Les Émirats Arabes Unis (E.A.U), souvent reconnus pour leurs infrastructures futuristes telles qu'Abu Dhabi avec son grand prix de formule 1, ou Dubaï et ses hôtels de luxe ainsi que ses centres commerciaux abritant des aquariums et même une piste de ski intérieure, offrent bien plus qu'une splendeur architecturale et un luxe moderne. Ce pays du Moyen-Orient, bordé par l'Arabie saoudite à l'Ouest et Oman à l'Est, présente une particularité géographique fascinante : il est entouré par deux mers distinctes, le golfe d'Arabo-Persique (souvent appelé golfe d'Arabie) et le golfe d'Oman, lequel fait partie intégrante de l'océan Indien. Cette situation géopolitique et géographique confère aux E.A.U un environnement marin d'une richesse et d'une résilience exceptionnelles, souvent méconnu du grand public.

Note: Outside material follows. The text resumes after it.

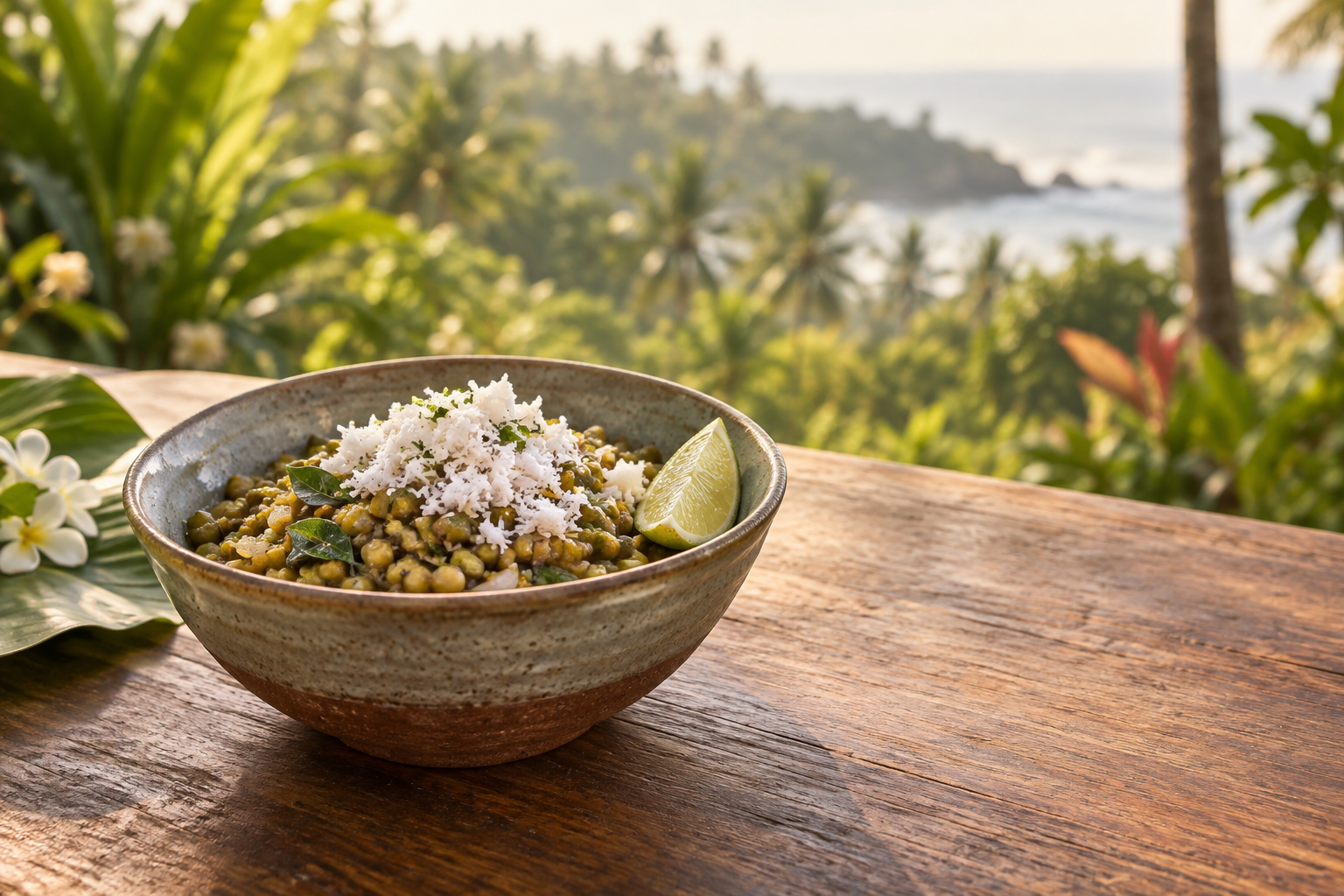 Green gram, coconut and lime breakfast idea.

Le golfe d'Arabie, en particulier, est une mer semi-fermée dont la seule ouverture se trouve au détroit d'Ormuz. Cette caractéristique lui confère des conditions environnementales uniques. En effet, elle se distingue par un degré de salinité plus élevé que la plupart des autres mers et océans du globe. Les variations de température y sont également extrêmes, pouvant descendre aux alentours de 17°C en hiver et atteindre plus de 34°C en été. Malgré ces conditions qui, à première vue, pourraient sembler hostiles, une diversité surprenante de coraux, d'éponges et d'algues a su y trouver sa place et prospérer. Ces organismes marins étonnent par leurs couleurs, leurs formes et leur diversité. Bien que les fonds soient majoritairement composés de sable, des récifs, des failles et de petites grottes sont également présents çà et là, offrant des habitats variés à une faune et une flore marines adaptées. Cet article se propose d'explorer cette biodiversité remarquable, en mettant l'accent sur les coraux et les opportunités de snorkeling qu'offrent les eaux des E.A.U, en tirant parti de près d'une décennie d'observations de plongée.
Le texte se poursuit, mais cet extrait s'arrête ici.